Spark as a Scala gateway drug and the 2.12 failure

Now that the 2.12 port is done I was wondering if anyone on the Scala team (or anyone else) could comment on how things might look for 2.13 … I’m curious whether the recently-completed work will make things easier next time around.

The main 2.12 changes impacting Spark were (in detail):

  • our new closure encoding actually made it easier to implement Spark’s “closure cleaner”, but it took some effort to convince ourselves (see details in doc linked above)
  • SAM types being compatible with function types resulted in a source incompatibility – this was resolved in 2.12.0 by improving type inference for overloaded higher-order methods. Further improvements coming in 2.13. One corner case remains with Unit-returning functions.
  • we need a stable API for REPL users, such as Spark. Help greatly appreciated in coordinating between the various projects.

For 2.13, I expect we’ll have this stable REPL API, but the collections are somewhat unknown in their impact on the Spark code base. If anyone would like to try – now is an excellent time, and this greatly benefits both communities! Sadly, our team at Lightbend will likely not be able to get to this in time for M5.

3 Likes

@SethTisue can spark finally make it into the 2.12 community build?

That would be very welcome, but likely a significant effort. I don’t think we will have time to tackle this ourselves in the next 6 months.

can spark finally make it into the 2.12 community build?

we can discuss at add Spark · Issue #763 · scala/community-build · GitHub. I’ve already put some thoughts there

To clarify, the 2.12 port isn’t done, there is no release built of 2.12. From an watchers perspective, it appears huge progress has been made, and they are again very close, but in case anyone reads this and wonders why 28 days later they can’t find binaries, it is because the issue is still open. Once a release is up on Maven though it would be great to have an update to this thread for watchers to know they can start their 2.12 migration efforts. I know I, for one, will immediately act on it’s availability.

1 Like

Spark 2.4 will release with beta Scala 2.12 support.
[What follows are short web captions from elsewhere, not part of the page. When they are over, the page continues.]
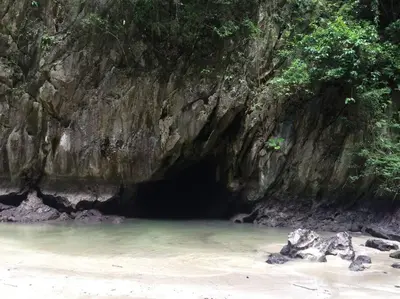 a cave on the beach in front of a rock wall at 53ft Sailing Yacht PHUKET Family Sailing adventure in Bang Tao Beach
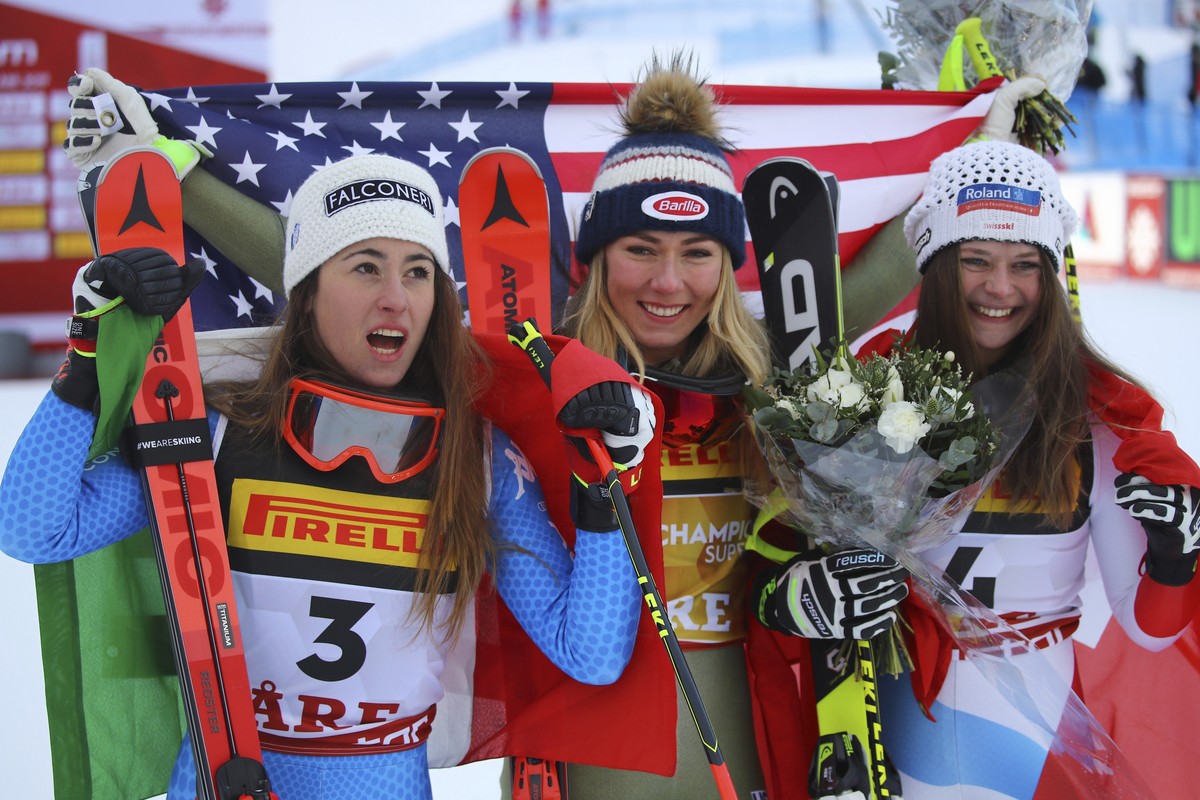 United States' Mikaela Shiffrin, center, winner of the women's super G, celebrates with second-placed Italy's Sofia Goggia, left, and third-placed Switzerland's Corinne Suter, at t ...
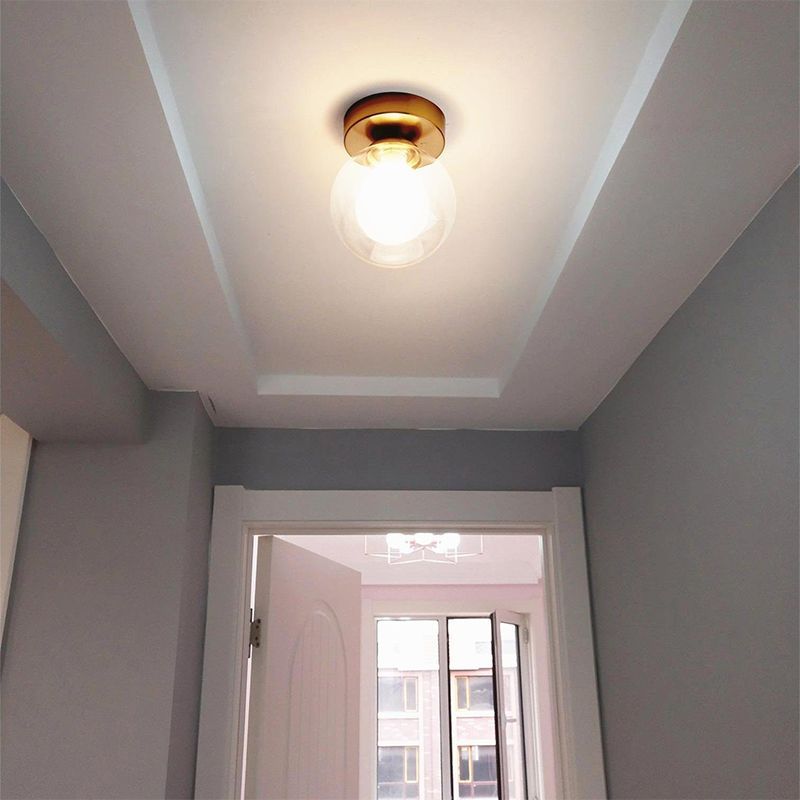 Modern Valentina globe ceiling light illuminating hallway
So does that leave Scala-native as the most significant part of the Scala eco-system still on 2.11?

Scala Native 2.12 support is scheduled for the next release.

1 Like

@sadhen - can you link to anything stating that Scala 2.12 support is billed to appear in Spark 2.4? There’s no fix version listed for SPARK-14220.

Despite all the initial euphoria it seems there are still non-trivial issues that need to be addressed before this ticket can be considered resolved - at least according to Sean Owen in this update on 7th August. Sean Owen seems to be the public face at Spark for this ticket so I’d say he knows what he’s talking about.
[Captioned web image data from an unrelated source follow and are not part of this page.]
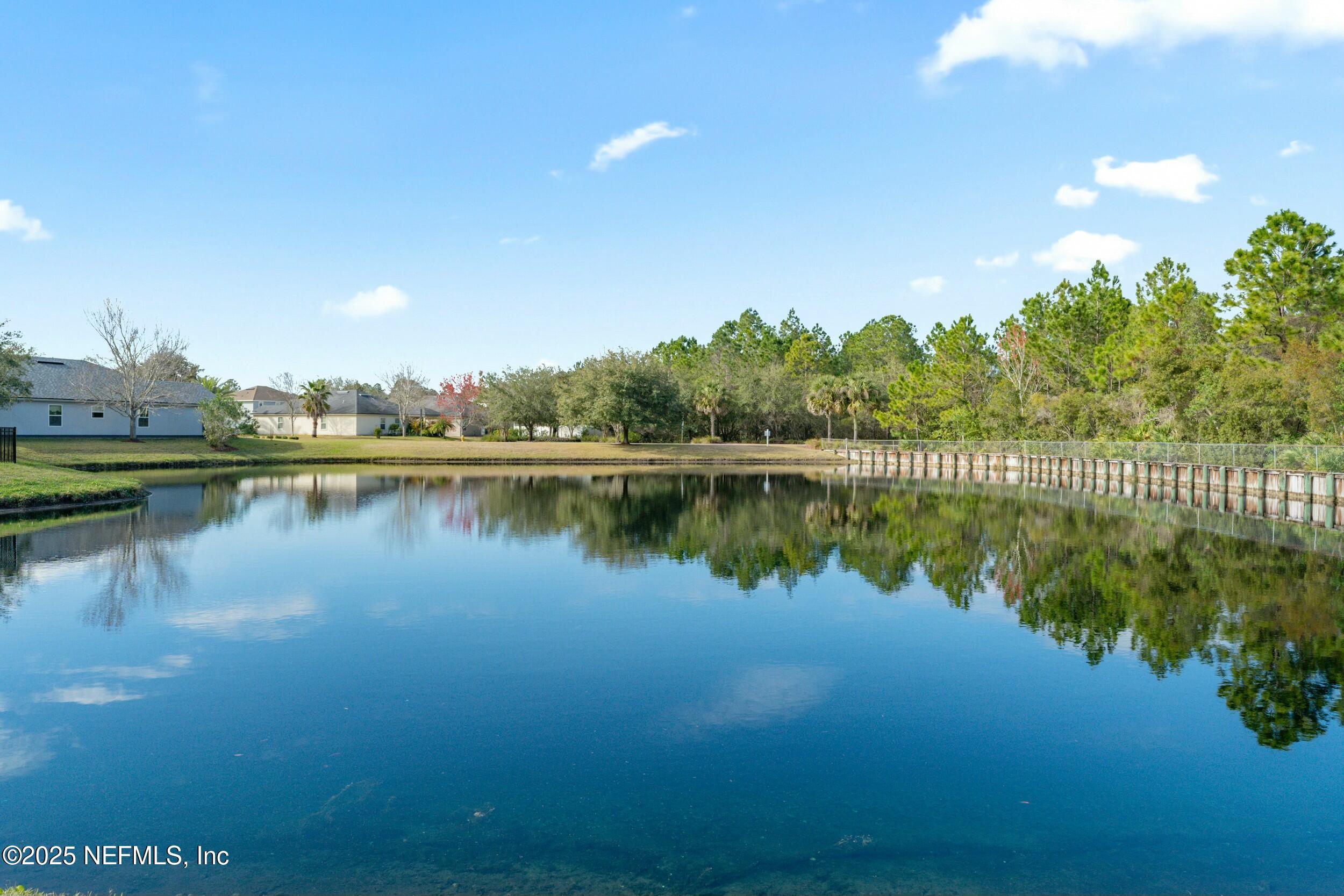 340 Sunshine Drive St. Augustine, FL 32086 - Photo 43 of 44 a view of a lake with houses in the back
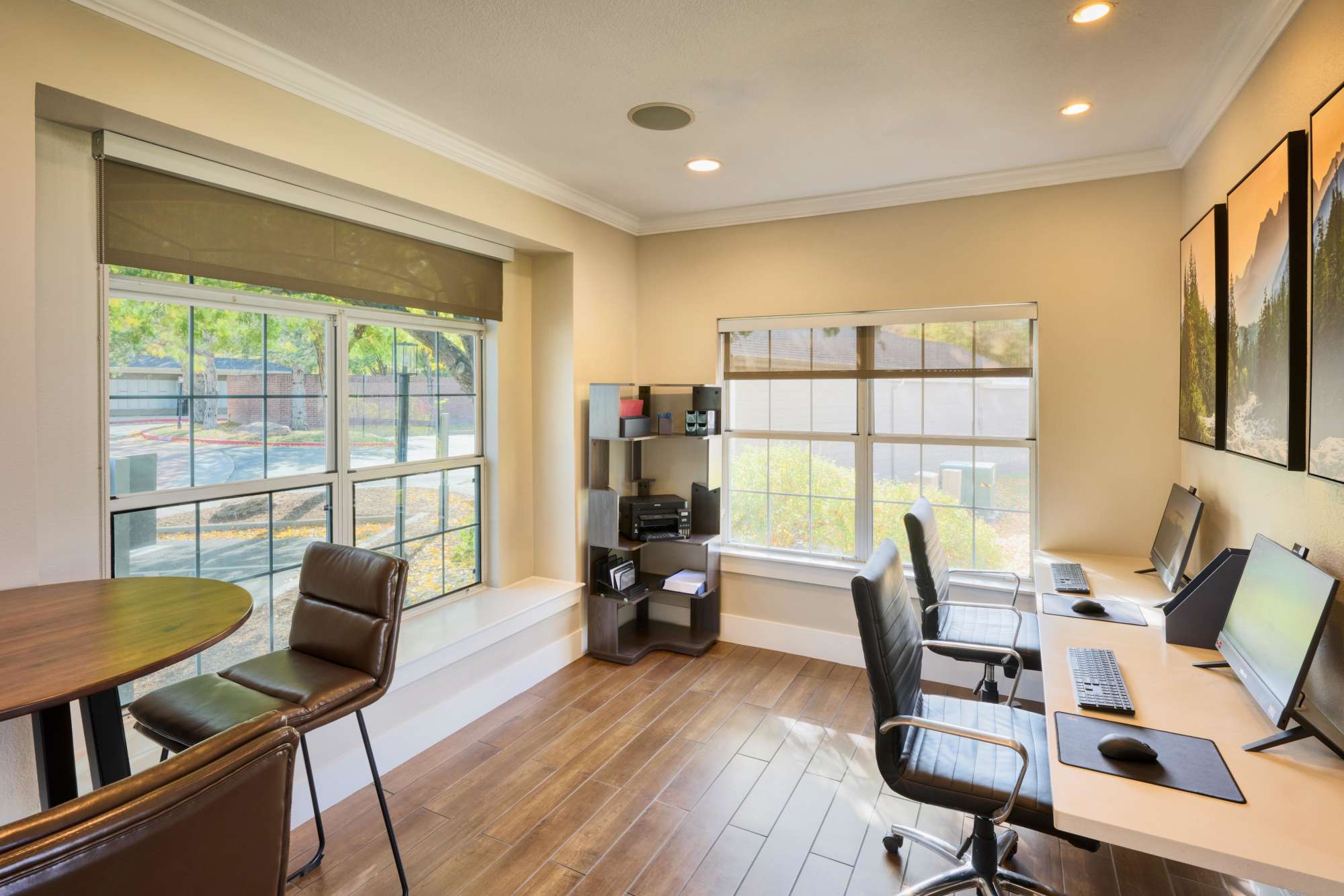 The business center with computers at The Crossings at Bear Creek Apartments in Lakewood, Colorado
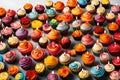 A festive arrangement of multicolored cupcakes adorned with brightly lit candles.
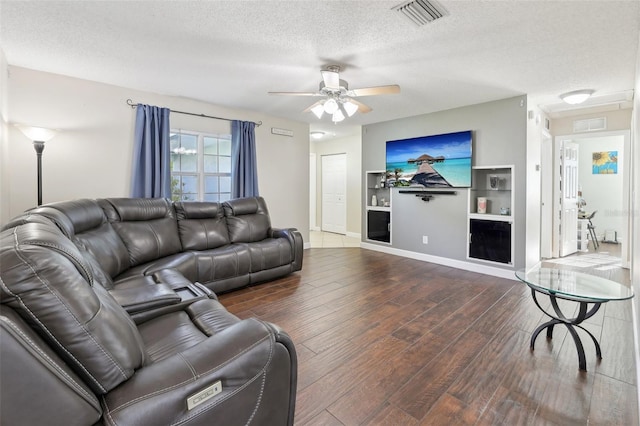 living room with wood finished floors, baseboards, visible vents, ceiling fan, and a textured ceiling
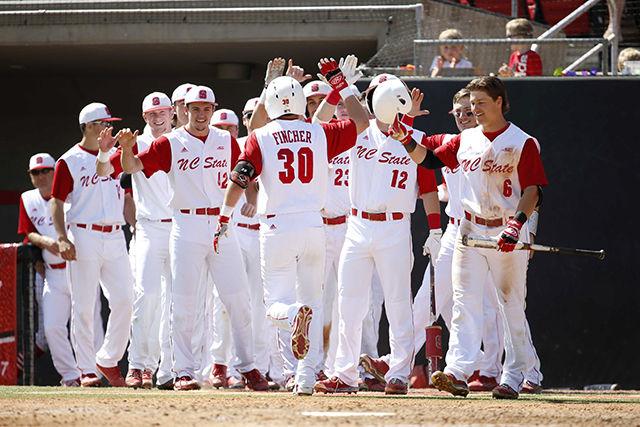 The NC State baseball team exits the dugout to celebrate its fourth home run of the game, as the Wolfpack defeated the Florida State Seminoles, 11-7, in the series closer on Saturday. State dropped its first two games of the series in close contests, but rebounded to top the No. 8 Seminoles thanks to an offensive scoring surge from the team's power hitters.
Since August 7th there’s been no new update that I’ve seen. I’m really glad of all the heavy lifting (as Sean puts it) that has gone into this ticket so far - but overall the visibility on this issue has been low. Up until the (now apparently premature) comment on 2nd August that the issue had been resolved there was little sign that anything was actually happening - so it’s hard to know if people are working hard on the further issues pointed out by Sean or if it’s gone quiet. Maybe everything will be resolved soon - or maybe not.

Thanks for the update.

Could you or Sean make those issues actionable? I don’t know if someone at Lightbend is working to fix those, but unless those issues are extended with better description of the problems, I don’t have a feeling of how those issues are non-trivial and how the core team can help to fix them.

1 Like

We have ongoing threads with the spark team, mostly on github. Not aware of anything being blocked by the Scala team. Since aug 7, a new Janino release was cut for spark to unblock one of the tickets. Another ticket has also made progress thanks to Sean (I don’t have the PR handy, but it was about the udf method and type tags.

EDIT:

2 Likes

https://issues.apache.org/jira/browse/SPARK-14220 is resolved now.

Last week, I (Darcy Shen) contribute some time for the migration.
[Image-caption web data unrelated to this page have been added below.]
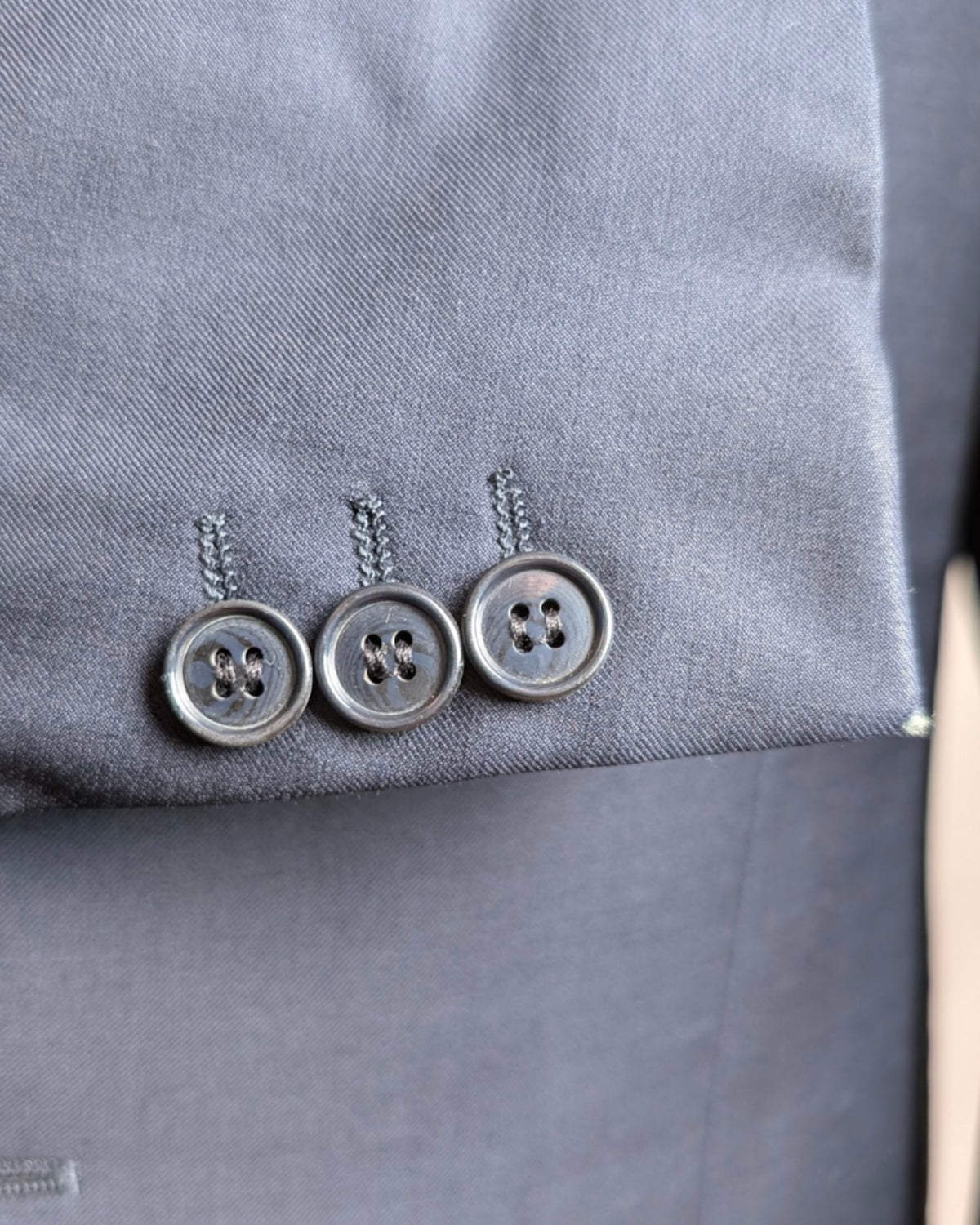 Knopfleiste eines Boglioli Herrensakkos aus Loro Piana Stoff mit kleinem Loch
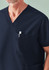 A navy unisex V-neck scrub top featuring a chest pocket with a pen. It has a minimalist design and a branding logo.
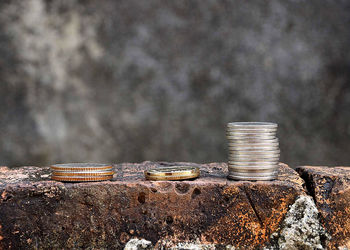 Close-up of coins stacked on brick against wall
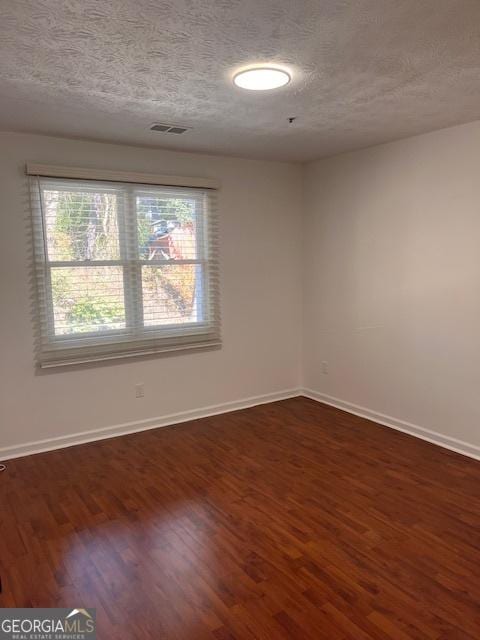 empty room featuring dark wood-type flooring and a textured ceiling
Now, the last failing unit test has been fixed.

And this PR (https://github.com/scala/scala/pull/7156) is for the migration. Spark SQL’s Row uses WrappedArray, as a result, the bug affects the correctness of the equality of Row.

@ghawkins the stating: http://apache-spark-developers-list.1001551.n3.nabble.com/code-freeze-and-branch-cut-for-Apache-Spark-2-4-tt24365.html#a24839

6 Likes

Is it correct then that Spark users can upgrade to Spark 2.4 once Scala 2.12.7 is released? If so, can anyone comment on the ETA of Scala 2.12.7?

The milestone is set for Sep 14th. 2.12.7 Milestone · GitHub
So if they make to that date, the release is a few days after.

1 Like

This is great! Thanks much to all the Spark devs!

Is this a definite that Scala-Native 0.3.9 / 0.4.0 won’t be released without Scala 2.12 support? Maybe I misunderstood, but I thought 2.12 support had been scheduled for earlier releases.

I suggest asking about scala-native on 2.12 at the relevant ticket: https://github.com/scala-native/scala-native/issues/233. Let’s keep this thread as focussed as possible :slight_smile:

In related news, I just promoted 2.12.7 to maven. More info: 2.12.7 release 🚋

3 Likes

A week late in noticing but I thought it might be worth pointing out here that Scala 2.12 support is finally GA. After experimental support was announced last November in Spark 2.4.0, it’s now GA in Spark 2.4.1 as announced in their release notes on March 31.

So it’s great to finally see this. Obviously, everyone involved should be congratulated :tada::slightly_smiling_face:

However, perhaps some post-mortem analysis is still in order to determine why it took almost 29 months to move what, for many, is a major part of the Scala ecosystem from Scala 2.11 onto 2.12. The technical reasons are known - but was this fundamentally a language-specific issue, i.e. something about Scala itself, or some narrower Spark specific issue? That Spark saw other issues as having greater value to their users, and so devoted time to them rather than to enabling their user base to shift to Scala 2.12. If this was the case, then the question is why didn’t they see it as valuable to allow their user base to keep up with the overall Scala ecosystem or why was the cost of doing so seen as prohibitive (in the short term).

Perhaps it’s as simple as one significant technical issue - the closure cleaner. This has been discussed in this thread and was discussed in the Lightbend blog entry “How Lightbend Got Apache Spark To Work With Scala 2.12” (the title gives the impression is that it was just Lightbend that got things done, but others are credited within the article itself).

With the Scala 2.13-RC1 milestone closed and the release in-progress, one has to hope there won’t be a similar delay in Spark being available for Scala 2.13. It would, of course, be amazing if Spark was eventually added to the community build process (as covered in community-build issue #763).

7 Likes